Unicode Normalization¶
Unicode allows multiple internal representations for text that looks identical.
For example, the character é may be stored in two different ways:
- as a single precomposed character:
U+00E9 - as two code points:
U+0065(e) followed byU+0301(combining acute accent)
These forms look the same to humans, but Python treats them as different strings:
from unicodedata import normalize
s1 = "caf\u00e9" # precomposed: é is one character (U+00E9)
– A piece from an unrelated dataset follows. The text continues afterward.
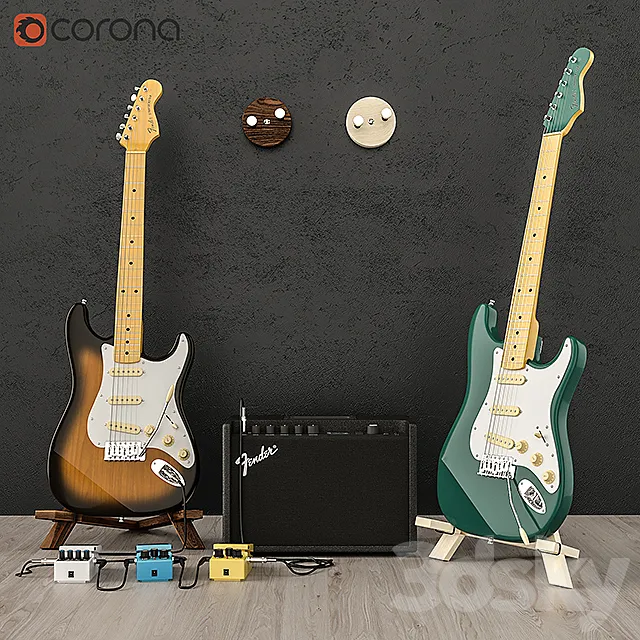 Fender guitar set 3DSMax File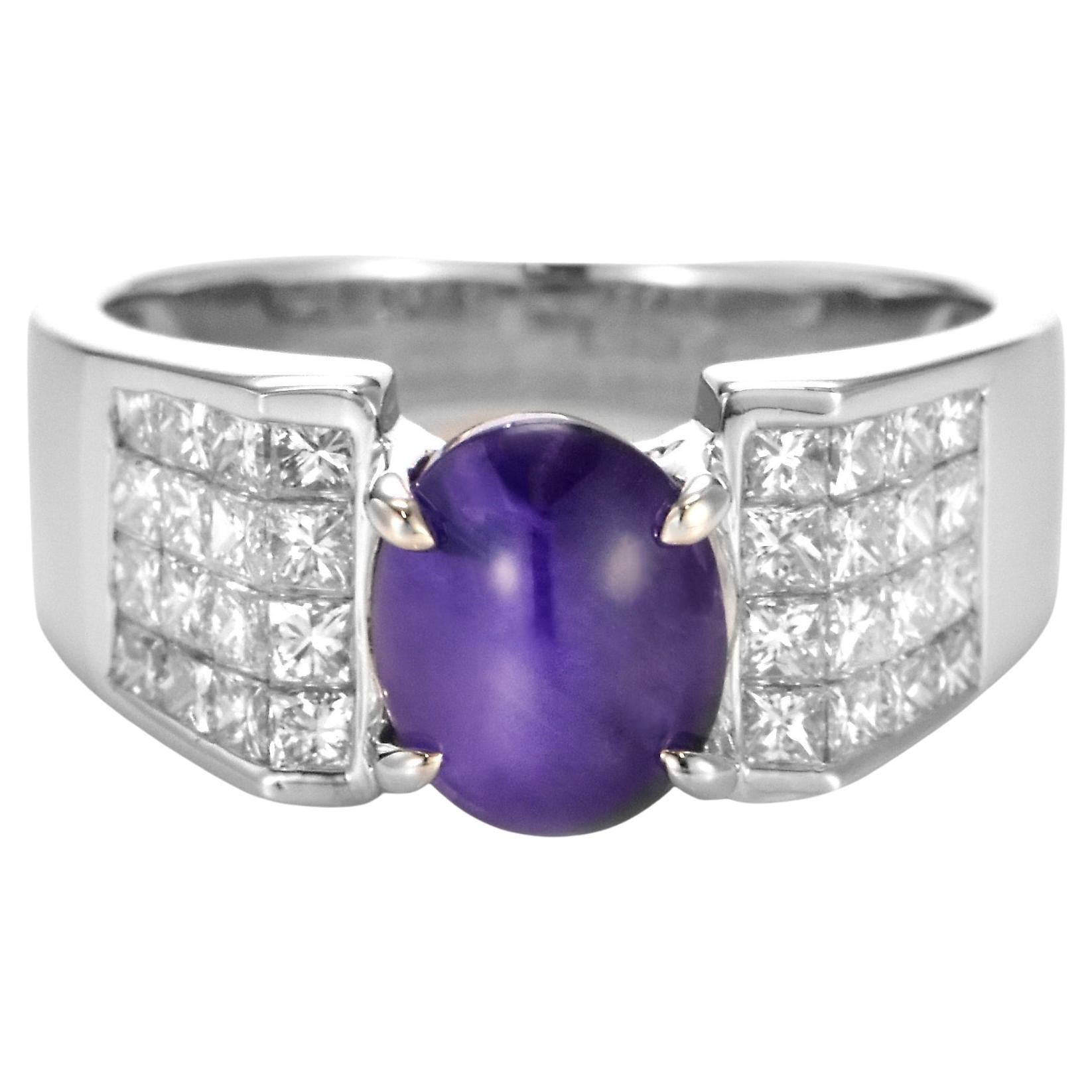 2.98 Carat Natural Purple Star Sapphire and Diamond Ring Made in Platinum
s2 = "cafe\u0301" # decomposed: e + combining accent (two code points)
print(s1 == s2) # False
print(len(s1)) # 4
print(len(s2)) # 5
The two strings look identical when printed, but have different lengths — proof that they are internally different.
Why This Happens¶
Unicode separates visual appearance from code point sequence. Two strings may render identically while having entirely different internal representations:
| String | Internal Representation |
|---|---|
café |
c a f U+00E9 |
café |
c a f U+0065 U+0301 |
Because the code point sequences differ, direct comparison with == fails.
Normalization Forms¶
Unicode normalization converts text into a standard form so equivalent strings
compare reliably. Python provides this through unicodedata.normalize().
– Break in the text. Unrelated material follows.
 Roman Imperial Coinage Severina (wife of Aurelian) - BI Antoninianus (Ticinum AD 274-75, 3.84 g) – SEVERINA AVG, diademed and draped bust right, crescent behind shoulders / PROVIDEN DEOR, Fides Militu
Unicode defines four normalization forms:
| Form | Meaning |
|---|---|
NFC |
Canonical decomposition, then recomposition |
NFD |
Canonical decomposition only |
NFKC |
Compatibility decomposition, then recomposition |
NFKD |
Compatibility decomposition only |
For most string comparison tasks, NFC is the most useful form.
NFC¶
NFC produces precomposed characters — it collapses decomposed sequences into a single code point where possible:
print(normalize("NFC", "cafe\u0301")) # café (length 4)
NFD¶
NFD produces decomposed characters — it expands precomposed characters into base character + combining marks:
print(normalize("NFD", "caf\u00e9")) # café (length 5, e + U+0301)
Both render as café, but their internal lengths differ.
Unicode-Aware Comparison¶
With normalization, visually identical strings compare equal:
s1 = "caf\u00e9"
s2 = "cafe\u0301"
print(normalize("NFC", s1) == normalize("NFC", s2)) # True
For convenience, wrap this in a helper:
def nfc_equal(s1, s2):
return normalize("NFC", s1) == normalize("NFC", s2)
print(nfc_equal("café", "cafe\u0301")) # True
Note that nfc_equal() is still case-sensitive — "Café" and "CAFÉ" are not equal.
For case-insensitive comparison, see Unicode Case Folding.
Key Takeaways¶
- Unicode strings that look identical may have different internal representations.
normalize("NFC", s)converts to a consistent precomposed form.- Always normalize before comparing Unicode strings from external sources.